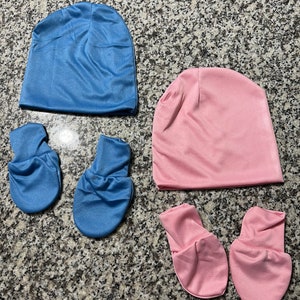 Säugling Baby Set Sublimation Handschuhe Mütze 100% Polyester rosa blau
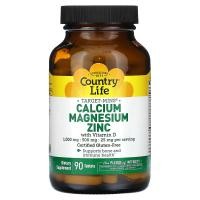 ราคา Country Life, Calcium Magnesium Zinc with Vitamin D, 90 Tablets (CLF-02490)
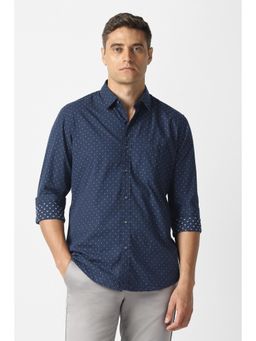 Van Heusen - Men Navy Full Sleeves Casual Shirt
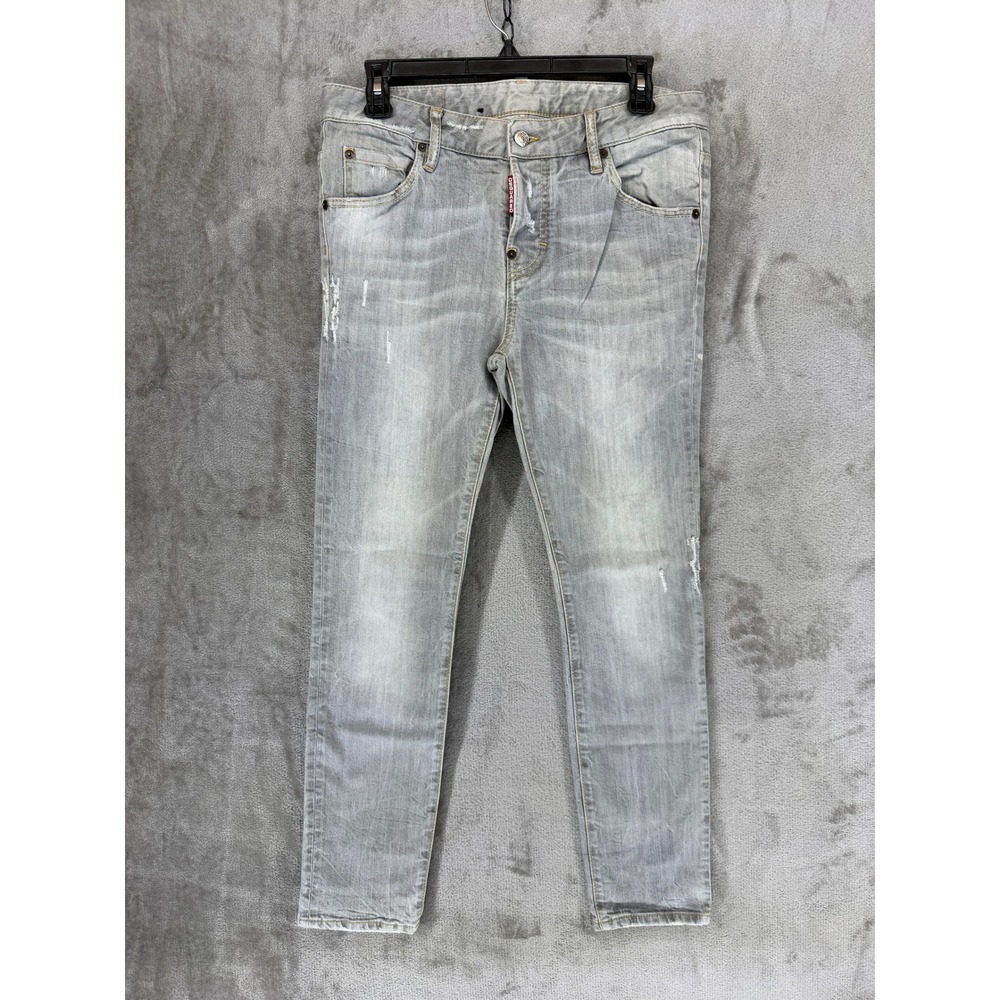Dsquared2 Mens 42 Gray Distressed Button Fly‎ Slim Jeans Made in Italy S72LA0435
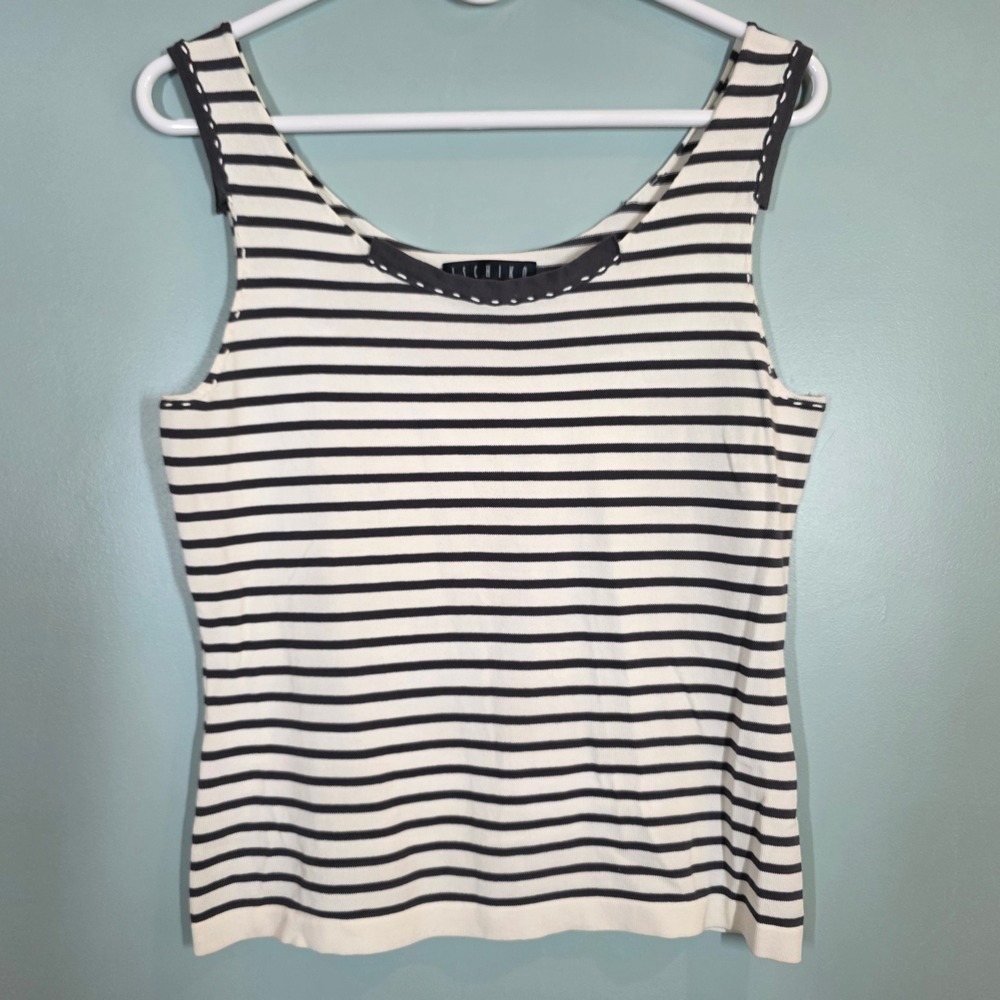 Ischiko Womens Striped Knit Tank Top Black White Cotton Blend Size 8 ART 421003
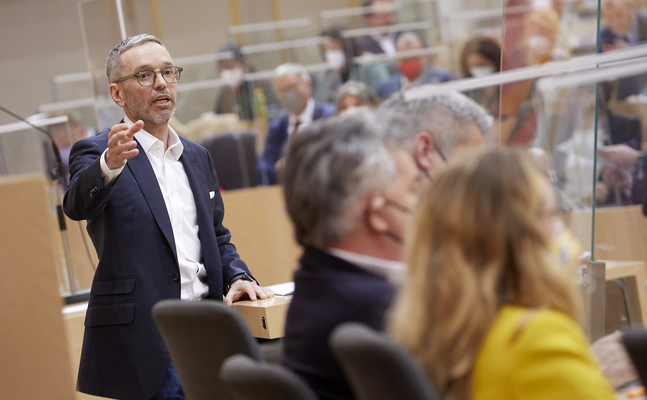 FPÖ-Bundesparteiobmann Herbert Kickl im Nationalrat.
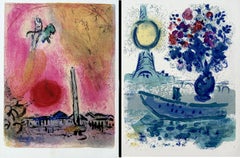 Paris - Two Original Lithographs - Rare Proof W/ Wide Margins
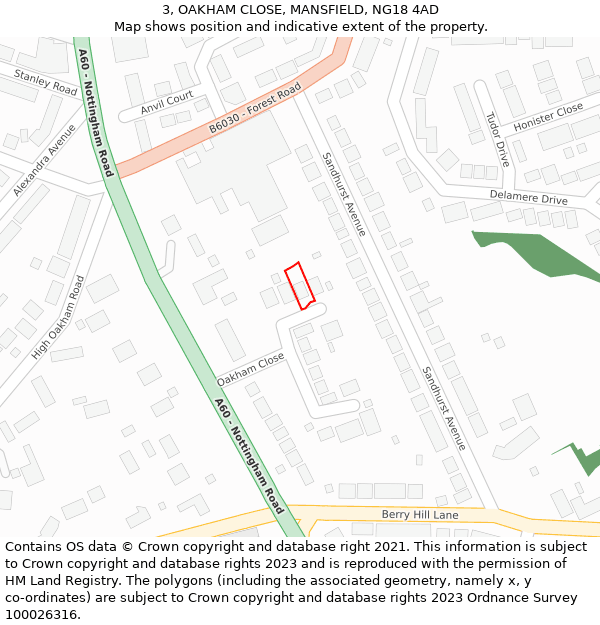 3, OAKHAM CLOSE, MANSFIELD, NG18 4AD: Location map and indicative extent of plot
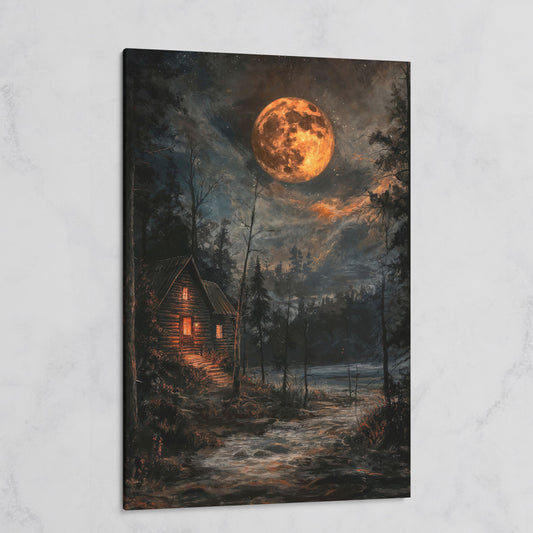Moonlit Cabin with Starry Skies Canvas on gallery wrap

==

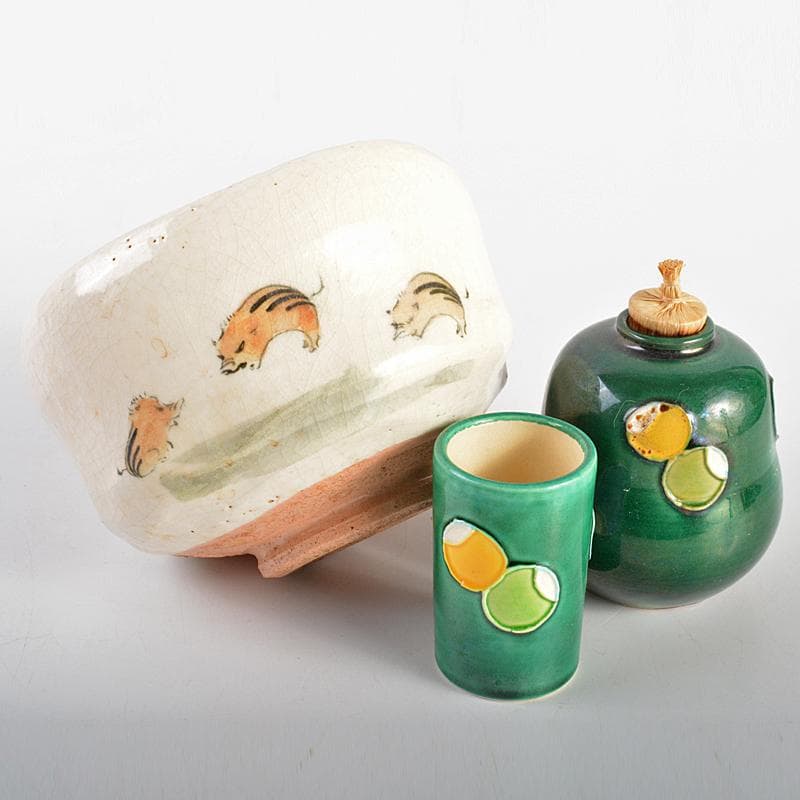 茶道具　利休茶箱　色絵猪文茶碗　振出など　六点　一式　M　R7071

● Exercise goal: Among the entries above, locate the line with "Säugling Baby Set" and the line with "Dsquared2 Mens 42". Give those two lines and all lines between them again, exactly, leaving out the pictures.

● Response to this exercise:
 Säugling Baby Set Sublimation Handschuhe Mütze 100% Polyester rosa blau
 ราคา Country Life, Calcium Magnesium Zinc with Vitamin D, 90 Tablets (CLF-02490)
 Van Heusen - Men Navy Full Sleeves Casual Shirt
Dsquared2 Mens 42 Gray Distressed Button Fly‎ Slim Jeans Made in Italy S72LA0435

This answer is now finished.